1,000× the actual values of θ used to generate mortality.

1,000× the bias of the estimated individual pollutant effects obtained from SPCA. The bias for PCA appears in parentheses.

1,000× the SD of the estimated individual pollutant effects obtained from SPCA. The SD for PCA appears in parentheses.

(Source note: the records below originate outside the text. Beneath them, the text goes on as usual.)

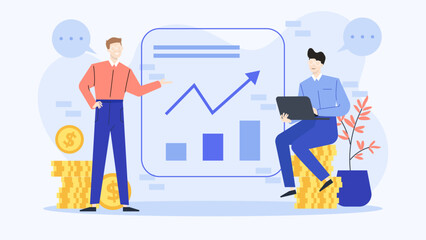 Two men analyzing financial data and money stacks. Suitable for presentations, finance blogs, investment reports, business articles, and marketing materials.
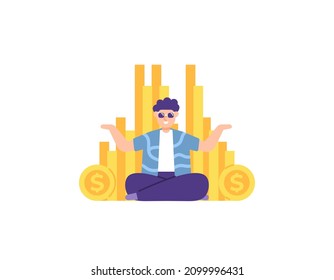 illustration of a man sitting cross-legged and surrounded by piles of coins. rich people, financially prosperous. successful businessman. economic well-being. flat vector design. ui, landing page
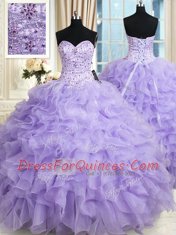 Deluxe Floor Length Lace Up 15th Birthday Dress Lavender for Military Ball and Sweet 16 and Quinceanera with Beading and Ruffles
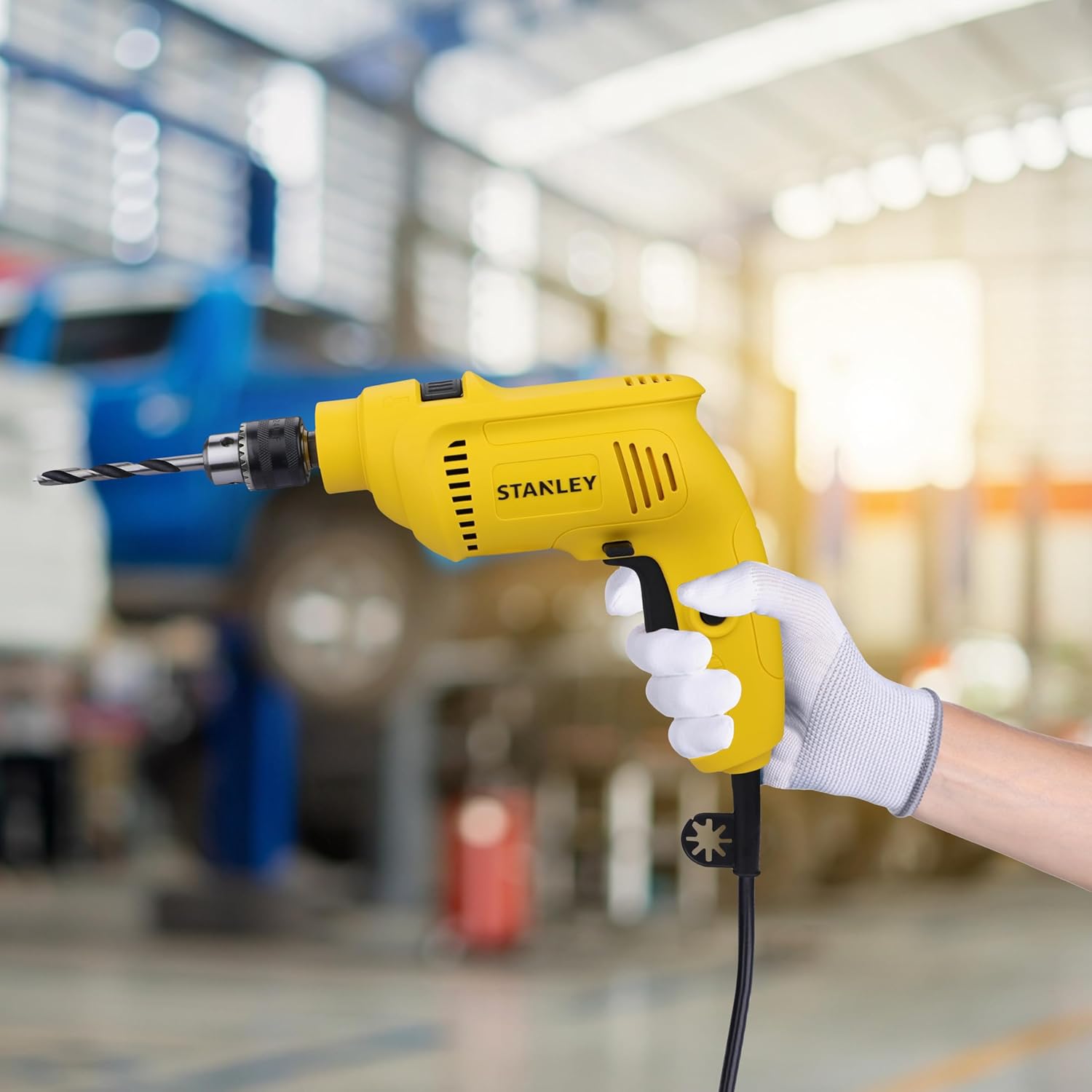 STANLEY SDH550KM-IN 550W 10mm Corded Single Speed Hammer Drill Machine with Mechanical Hand Toolkit (120-Pieces) – Includes Hammer Drill, Measuring Tape, Hammer, 1 Year Warranty, YELLOW & BLACK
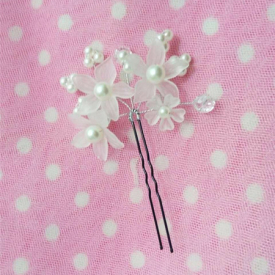 New Bridal Jewelry Handmade Headpieces Wedding Hair Accessories Headwear Fashion Women Flower Pearls Hairpin 2 Colors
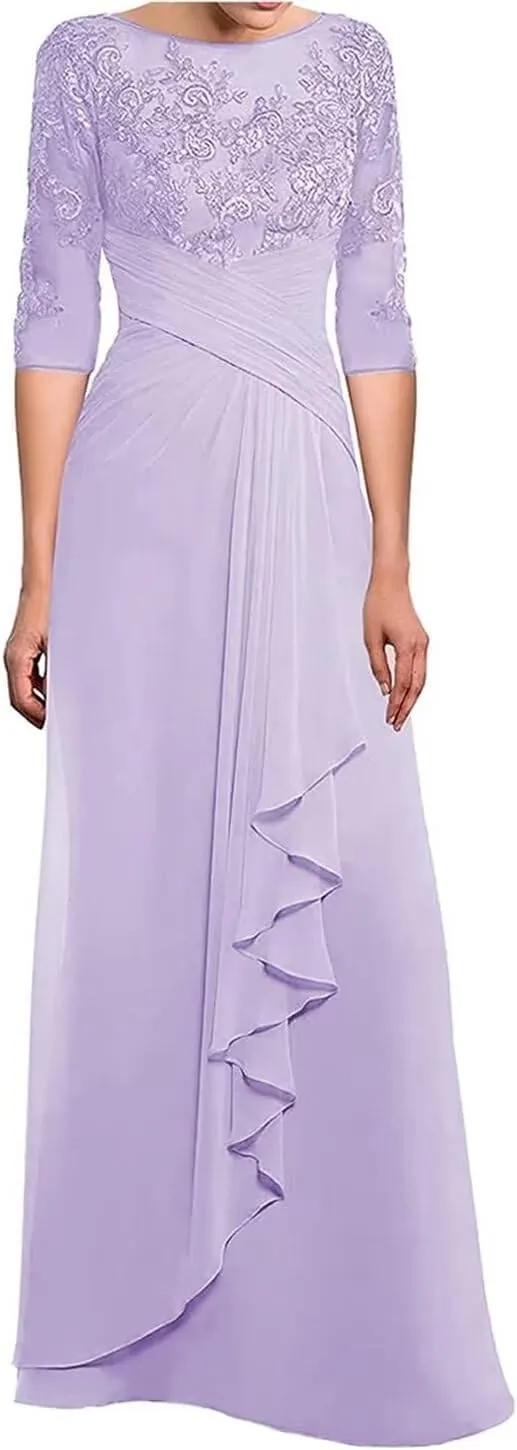 Lace Applique Mother of The Bride Dresses with Sleeves Ruched Long Formal Evening Dress for Wedding Guest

The root-mean-squared error (rmse) is a measure of the average “closeness” of an estimator to the value that is being estimated; smaller values of the rmse correspond to “better” estimators. The rmse values in Table 3 indicate that SPCA produced better estimates or estimates with smaller error in slightly more than half of the cases considered. For these cases the increased variance of the SPCA estimates was more than compensated for by a reduction in bias. Perhaps more important, the rmse values for SPCA were much more stable under different simulation scenarios than the rmse values for PCA; the rmse values for SPCA ranged from 0 to 12.06 with a median of 1.71, whereas the rmse values for PCA ranged from 0.33 to 80.99 with a median of 2.58. This tells us that the benefits of using SPCA instead of PCA, in terms of both bias and the average closeness of the associated estimates to their true values, outweigh the disadvantage in terms of variance alone of using SPCA instead of PCA. This suggests that aside from providing useful information on which pollutants are unrelated to mortality that the SPCA model has the additional benefit over the PCA model of producing estimates with smaller error on average.

Application

In this section the data from the nine cities described previously are used to illustrate the use of the SPCA model compared to the PCA model in the multiple pollutant context. For both models, the confounder adjustments used had the same specification described in the previous section for Model 3. Table 4 contains the results of fitting the models to the data from each city. Table 5 provides correlation matrices of the data from two of the nine cities considered—Cleveland, Ohio, and Nashville, Tennessee. The correlation matrices for these two cities are shown because they correspond to the two cities where the SPCA model retained the least (zero pollutants) and most (four pollutants) pollutants, respectively.

Table 4

Results of fitting PCA and SPCA to the data from nine U.S. cities for 1987–2000.

	Pollutant loadingsa
City	PM₁₀	NO₂	CO	O₃	SO₂	Total effectb
Chicago, IL
SPCA	0	0	0	1	0	0.005 (0.003)
PCA	0.466	0.556	0.45	0.231	0.467	−0.001 (0.003)
Cleveland, OH
SPCA	0	0	0	0	0	0 (0)
PCA	0.496	0.512	0.437	0.351	0.42	−0.002 (0.006)
Denver, CO
SPCA	0	−0.645	−0.678	0.353	0	0.013 (0.004)
PCA	0.484	0.515	0.536	−0.155	0.435	0.014 (0.006)
El Paso, TX
SPCA	0	0.707	0	0.707	0	−0.023 (0.009)
PCA	0.493	0.538	0.573	0.128	0.35	−0.015 (0.01)
Houston, TX
SPCA	0	0	0	0	0	0 (0)
PCA	0.281	0.56	0.516	0.354	0.465	0.002 (0.008)
Jersey City, NJ
SPCA	0.707	0	0	0.707	0	−0.006 (0.015)
PCA	0.487	0.522	0.502	0.046	0.485	−0.004 (0.012)
Nashville, TN
SPCA	0.587	0.568	0.552	0	0.168	−0.023 (0.010)
PCA	0.606	0.542	0.432	0.380	0.094	−0.023 (0.011)
Pittsburgh, PA
SPCA	1	0	0	0	0	0.005 (0.003)
PCA	0.512	0.53	0.486	0.196	0.427	0 (0.004)
Salt Lake City, UT
SPCA	0	0	0	0	0	0 (0)
PCA	0.415	0.54	0.539	−0.105	0.484	−0.022 (0.012)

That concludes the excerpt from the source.